Boğazımda senelerce yerini koruyan yumruyu yutmak istercesine sertçe yutkundum. Odanın içinde bir yabancı olmasını umursamadan, "Siz benim için masrafa girmezsiniz." dedim boğuk bir sesle. Dördüncü şahıs olan doktor -her neyse artık- çıkması gerektiğini hissetmiş gibi yavaşça odayı terk etti.

"Ah, bebeğim!" diyerek yanıma yaklaşan anneme kaşlarımı çatarak baktım ama kendinden ödün vermeyerek baş ucuma oturdu. "Senin için çok korktuk!" Yüksek sesi kulağımın dibinde beni rahatsız edecek seviyenin zirvesindeydi.

Baş ucumda oturan kadına ters bir bakış attım. "Masrafları karşılayan adam..." Babamın gür sesiyle cümlem yarıda kesildi.

"Haddini aşma, İzgi."

Duygusuzca güldüm. "Doğru ya, boş konuşan hep benim."

"Bencilsin," dedi abim, konuşmaya katılmayı kendine hak görerek. "Hep böyleydin."

Sustum ve tek bir kelime etmedim. Eğer onlarla daha fazla cevap verirsem sonuçlarını biliyordum, tıpkı haklı olduğumu bildiğim gibi. Ama işin aslı, haklı olduğumu hepsi biliyordu. Sadece kendilerine yediremiyorlardı. Kırılmaz egoları, kalitesiz düşünceleri doğru yaptıklarını savunuyorlardı. Ne diyebilirim ki? Benden bir tepki gelmeyince hepsi yavaşça odayı terk etti.

Yelkovan akrebi, akrep yelkovanı kovaladı. Saniyeler katlandı dakika, dakikalar katlandı saat oldu ve zaman kavramı katlanarak beni arasında sıkıştırdı. Aldığım ağrı kesicinin etkisi keşke düşüncelerimi de uyuştursaydı, o zaman katlanan bu zamanda düşüncelerimin acısıyla ızdırap çekmezdim.

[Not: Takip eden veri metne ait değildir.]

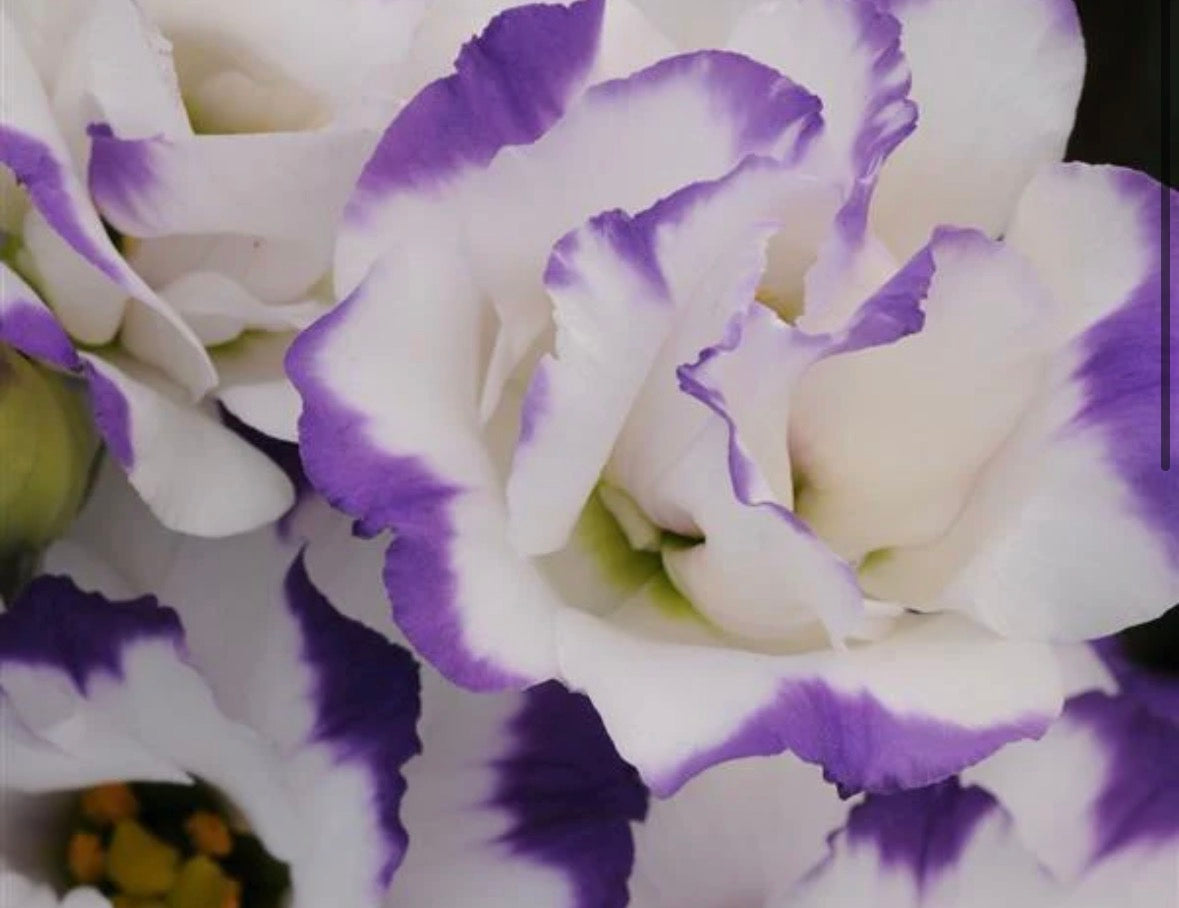 Lisianthus-ABC: Misty Pink, OR - Rose, OR- White, OR-Blue Rim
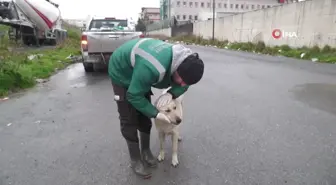 Esenyurt'ta sokak hayvanlarına mama desteği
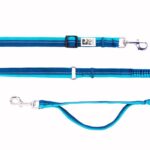 Elastic Dog Leash in 2025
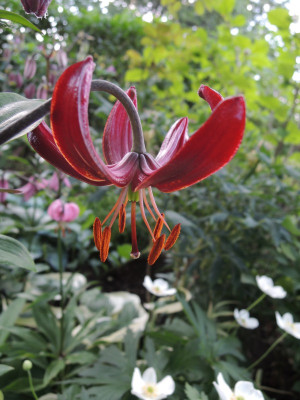 L.maroon king15.JPG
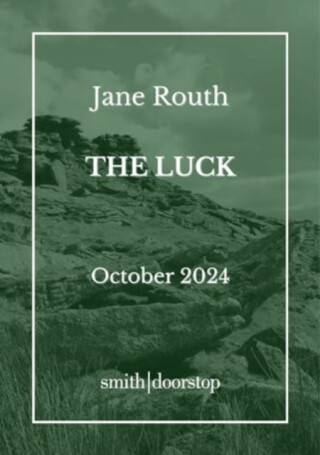 The Luck - Jane Routh
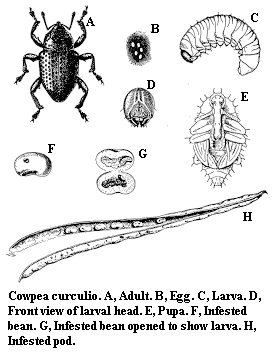 Cowpea curculio. A. Adult. B. Egg. C. Larva. D. Front view of la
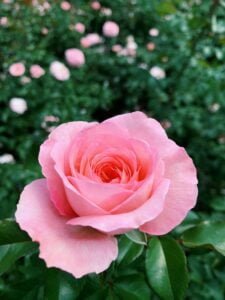 Martha Stewart planting the seeds of love for rose gardens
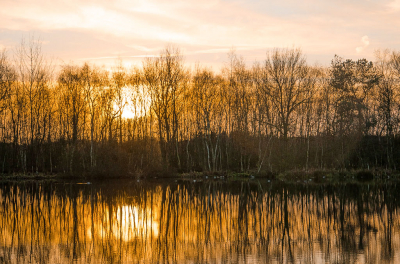 <i class='fa fa-user'></i>&nbsp;Truus Aletta Maan&nbsp;|  Zonsondergang&nbsp; <i class='fa fa-eye'>&nbsp;53</i> &nbsp; <i class='fa fa-comment-o'>&nbsp;1</i>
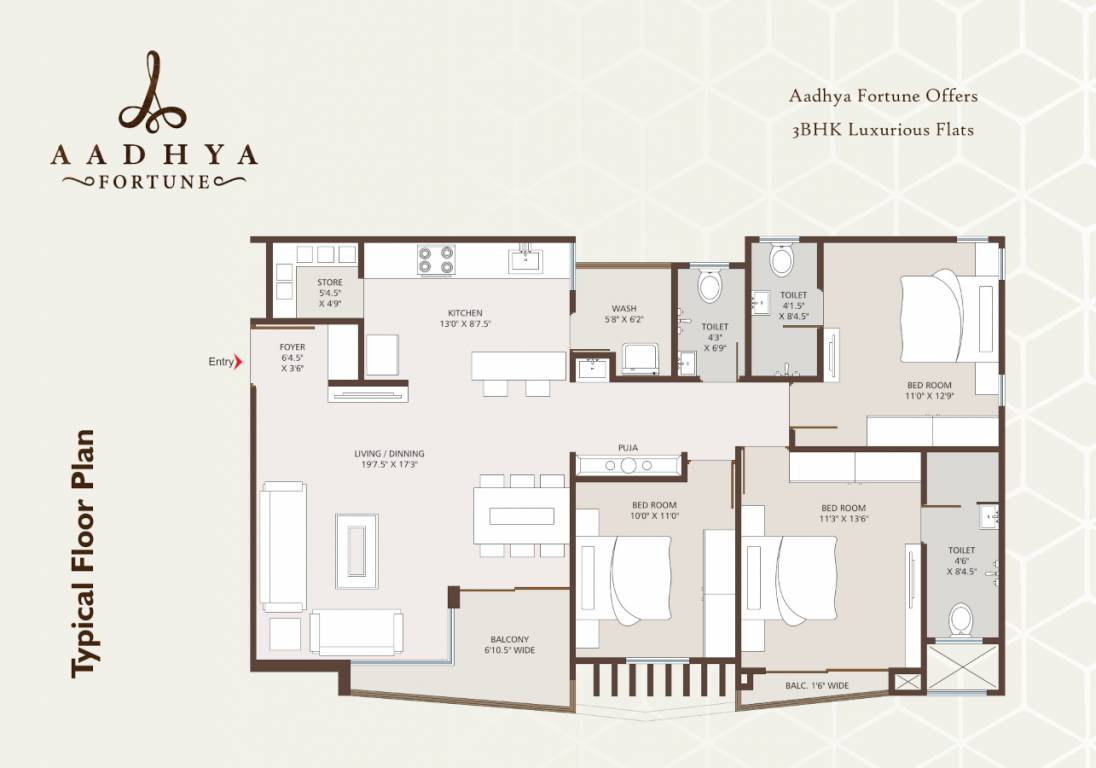  fortune Cluster Plan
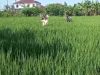 Hama Mengintai, Babinsa Plupuh Turun ke Sawah Dampingi Petani Semprot Tanaman Padi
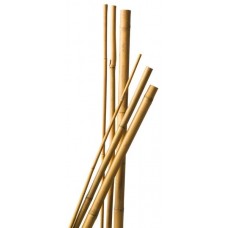Növénytámasz bambusz 1,5 m/10 db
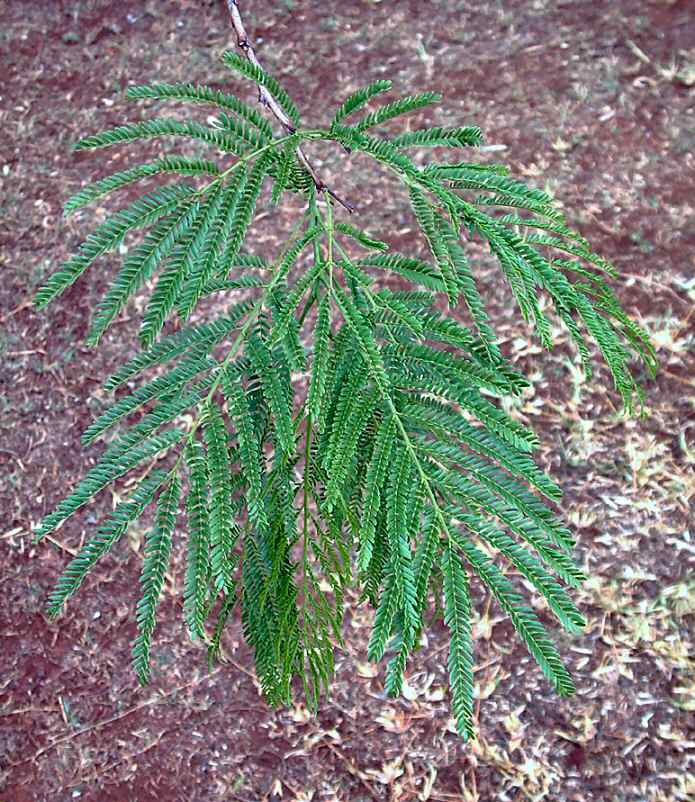 Acacia amythethophylla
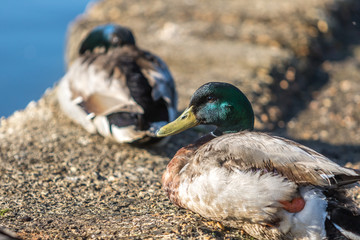 Mallard Ducks, Poole, Dorset, England
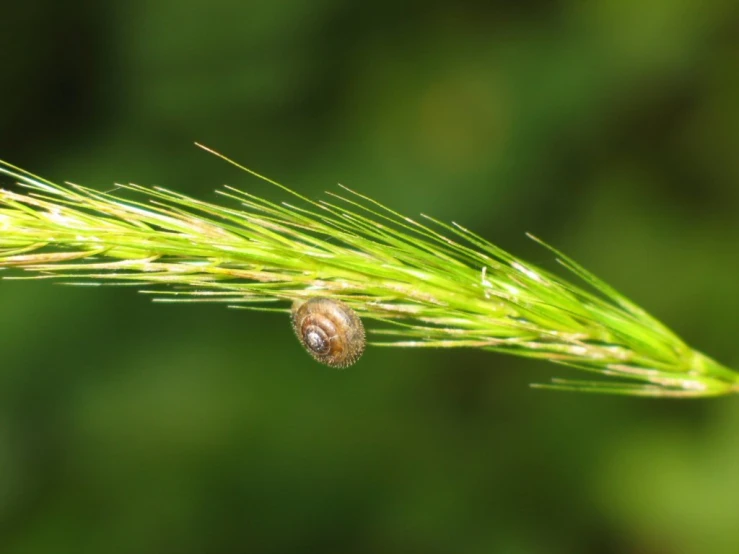 the small insect is on the blade of the green plant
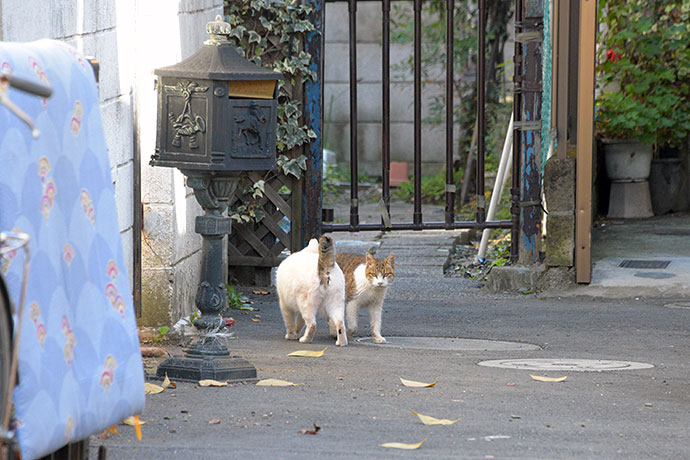 街のねこたち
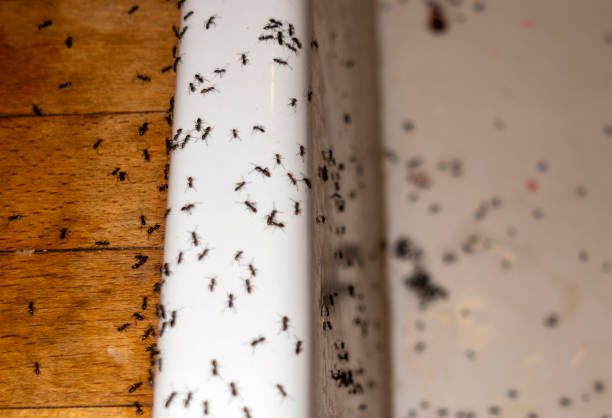 Best Mosquito Control Services  in Lake Crystal, MN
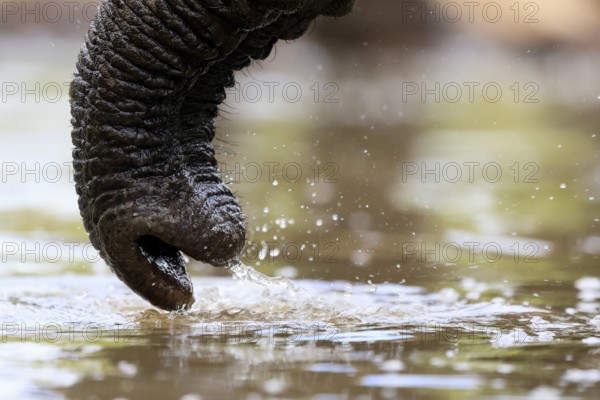 African elephant (Loxodonta africana), adult, Rüssell, drinking, at the water, detail, Kruger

Kimi kandırıyorum ki? Ben bu dünyaya gözlerimi kapatmadan, göğüs kafesimin içindeki çürümüş kalbimin nabzı durmadan hiçbir şey bitmeyecekti. Ben bitecektim, ama bunlar bitmeyecekti.

Karamsarlık bir virüs gibi çoktan kanıma karışmıştı. Ne yaparsam yapayım kanımdan temizlenmeyecek, ruhumu özgür bırakmayacaktı. Benim bir parçam değildi, ben onun bir parçasıydım ve parçasından vazgeçmek için vücudumdan ruhumun atmasını gerektiğini biliyordum.